Word for word, transcribe the listing that follows, minus any pictures.

[Information shown Boundary: Start]

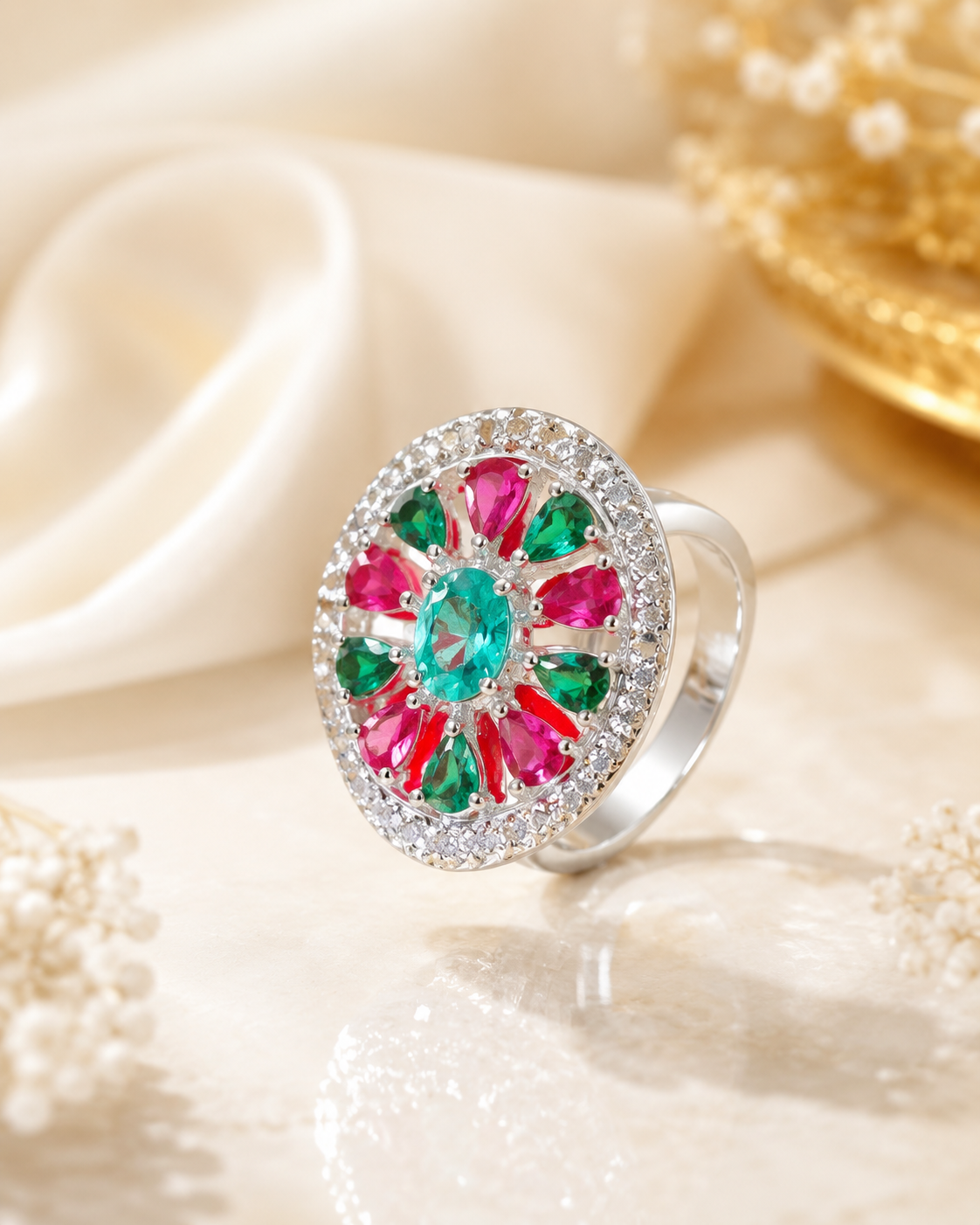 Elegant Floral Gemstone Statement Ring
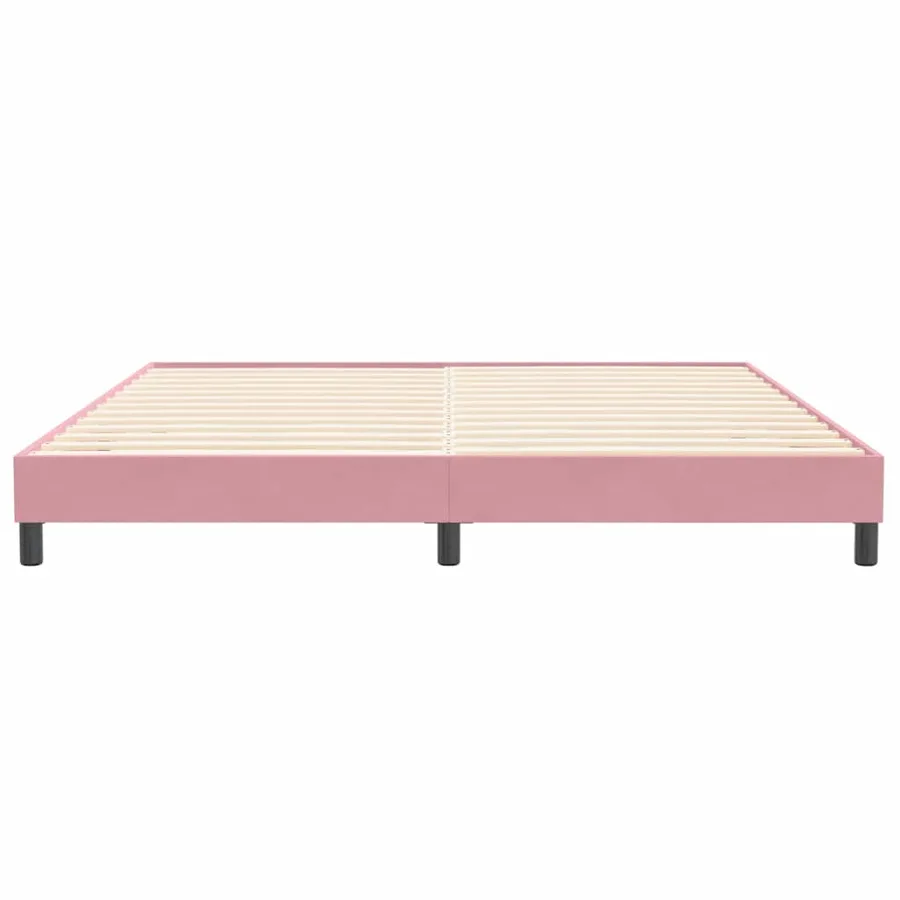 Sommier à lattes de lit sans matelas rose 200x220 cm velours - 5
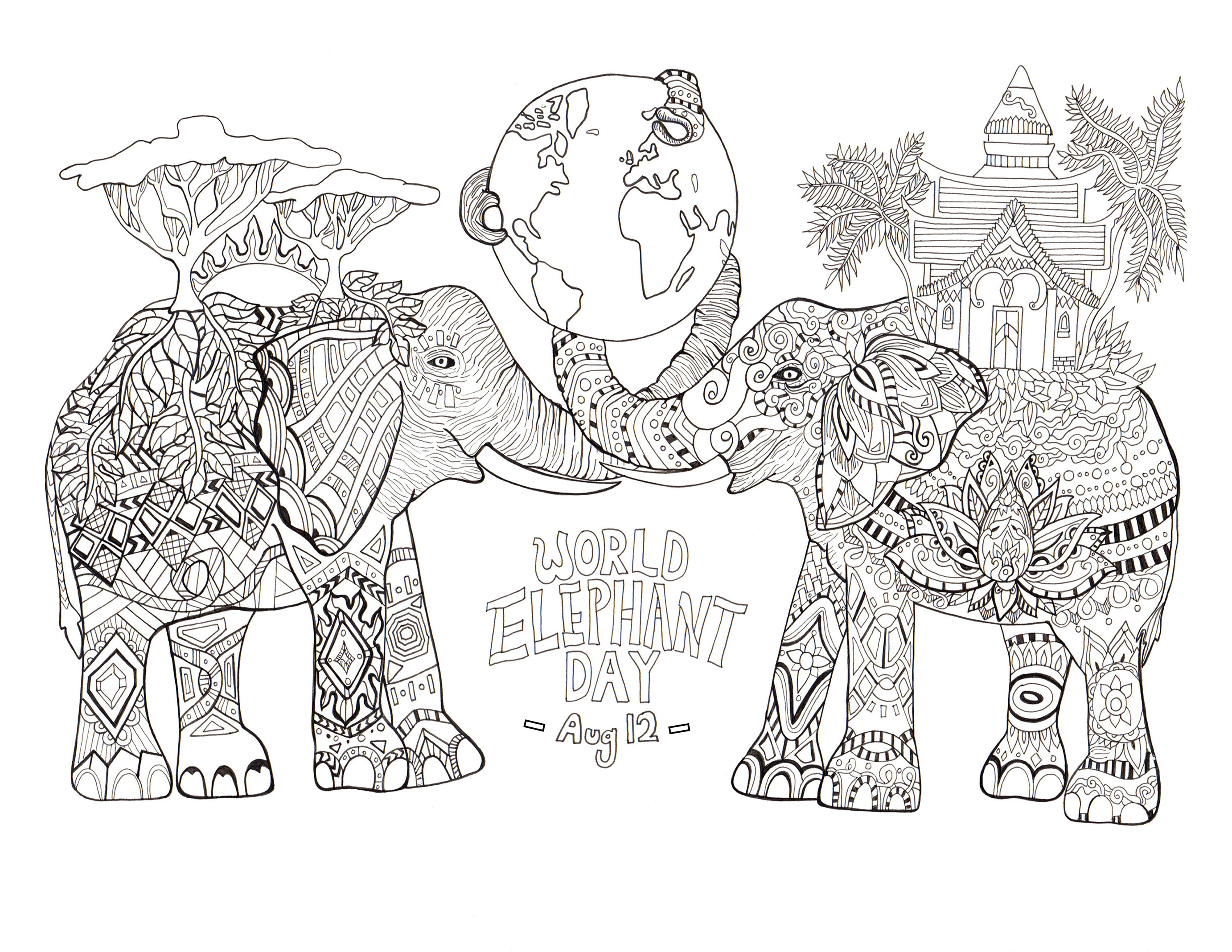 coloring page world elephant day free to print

[Information shown Boundary: End]

> Solution
 Elegant Floral Gemstone Statement Ring
 Sommier à lattes de lit sans matelas rose 200x220 cm velours - 5
 coloring page world elephant day free to print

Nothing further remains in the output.